A piston assembly according to claim 1, wherein the upper portion (96) and lower portion (158) are an integrally formed forging.
A piston assembly according to claim 1 or claim 2, wherein the annular cooling recess (132) is located elevationally beneath the top surface (98).
A piston assembly according to any one of the preceding claims, wherein the upper portion (96) has a crown surface (100).
A piston assembly according to claim 4, wherein the crown surface (100) has an centrally located apex portion (102) and an annular trough (106) blending therewith.
A piston assembly according to any one of the preceding claims, wherein the skirt (80) is generally or slightly elliptical.
A piston assembly according to claim 6, wherein the skirt (80) further has a maximum diameter and a minimum diameter and the pair of wrist pin receiving bores (178) are positioned in alignment with the minimum diameter.

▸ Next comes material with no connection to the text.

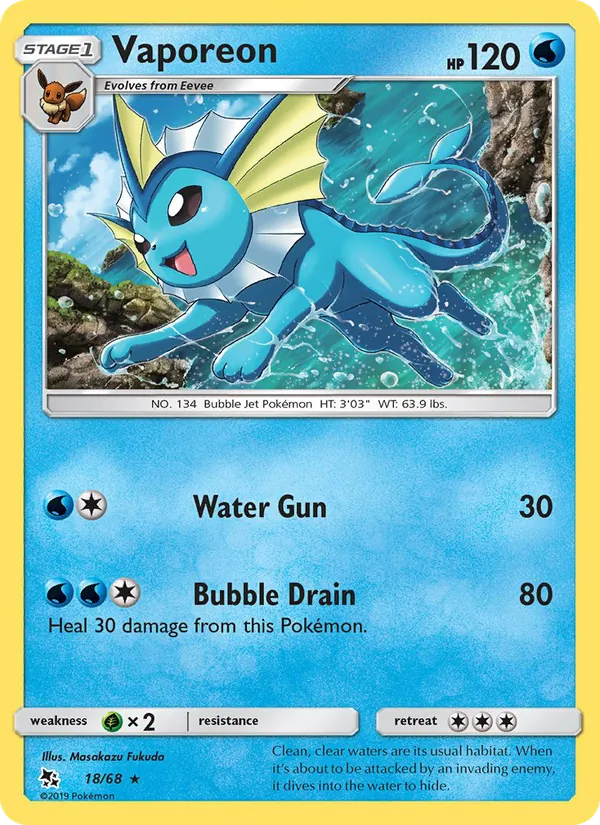 Vaporeon card from Hidden Fates, number 18/68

A piston assembly according to any one of the preceding claims, wherein each of the pair of wrist pin receiving bores (178) forms an inner surface and each of the surfaces has an annular ring groove (180) therein.
A piston assembly according to claim 8, further including a snap ring (182) positioned in each of the grooves (180) in order to retain the wrist pin (82) therebetween.

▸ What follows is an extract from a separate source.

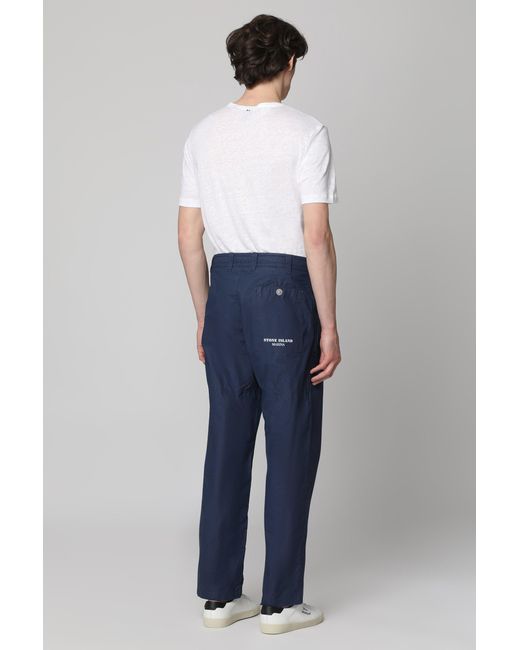 Stone Island Blue Cotton Trousers for men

A piston assembly according to any one of the preceding claims, wherein the skirt (80) further has a top surface (172) in close non-contacting relationship with the lower end surface (124) of the upper portion (96).
A piston assembly according to claim 10, wherein the skirt (80) further has a generally annular recess (174) in the top surface (172) and a pair of passages (186) for communicating a cooling fluid thereto.
A piston assembly according to claim 11, wherein the recess (174) stores the cooling fluid and splashes it during reciprocation of the piston assembly (76) against the annular cooling recess (132).
A piston assembly according to any one of the preceding claims for use in a high combustion chamber pressure engine (10) having a combustion chamber pressure in excess of 13,790 kPa (2000 psi).